DATA:
————

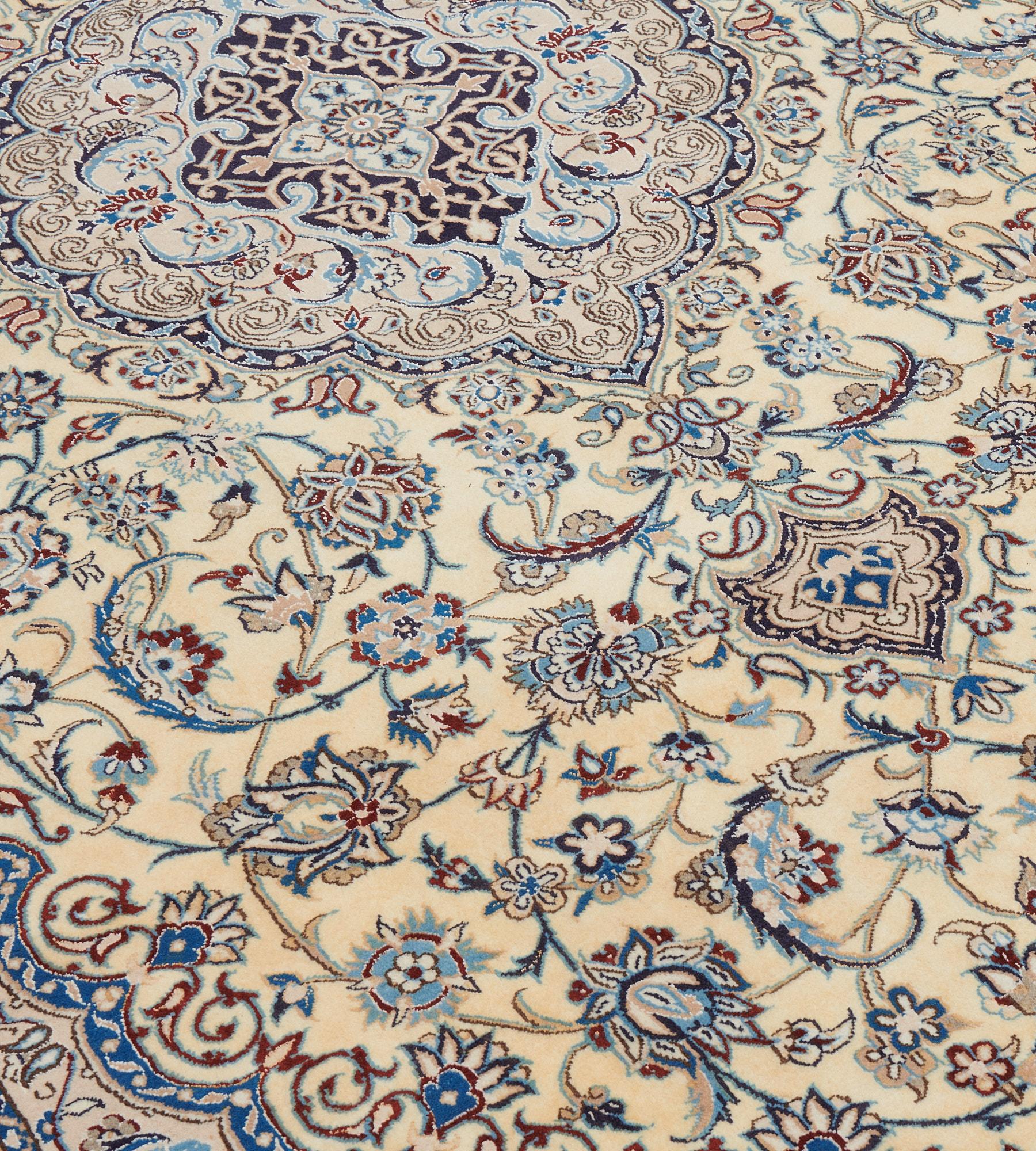 Vintage Silk and Wool Persian Nain Rug In Good Condition For Sale In West Hollywood, CA
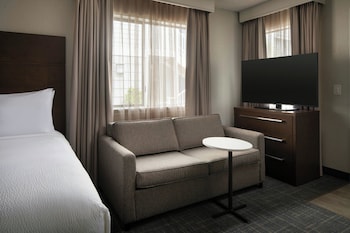 Studio, Multiple Beds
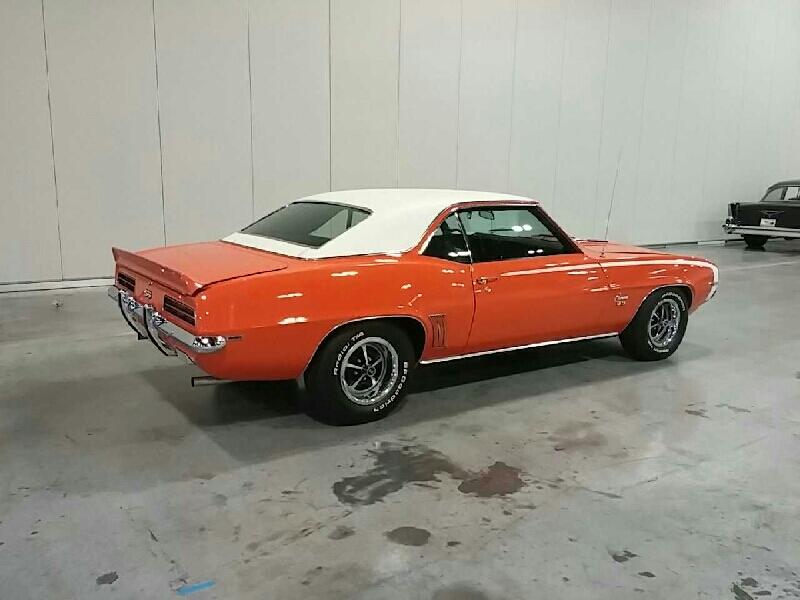 2nd Image of a 1969 CHEVROLET CAMARO LMI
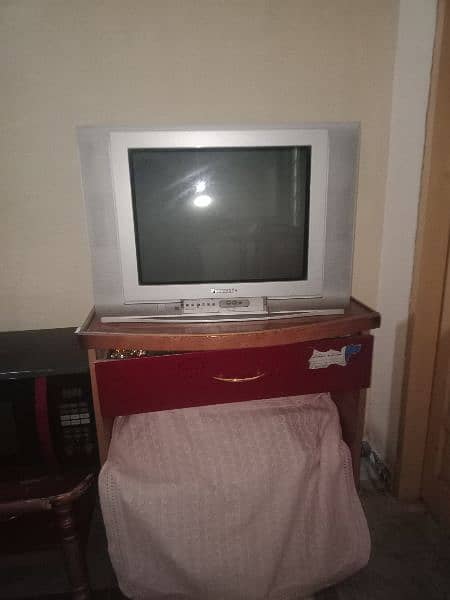 Panasonic 21" color TV in Good Condition 3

————

TASK ITEM: Lines from the one that contains "2nd Image of a 1969 CHEVROLET CAMARO LMI" to the final line of the material are the whole answer. Reproduce them word for word and skip the pictures.

SOLUTION TO THE EXERCISE:
 2nd Image of a 1969 CHEVROLET CAMARO LMI
 Panasonic 21" color TV in Good Condition 3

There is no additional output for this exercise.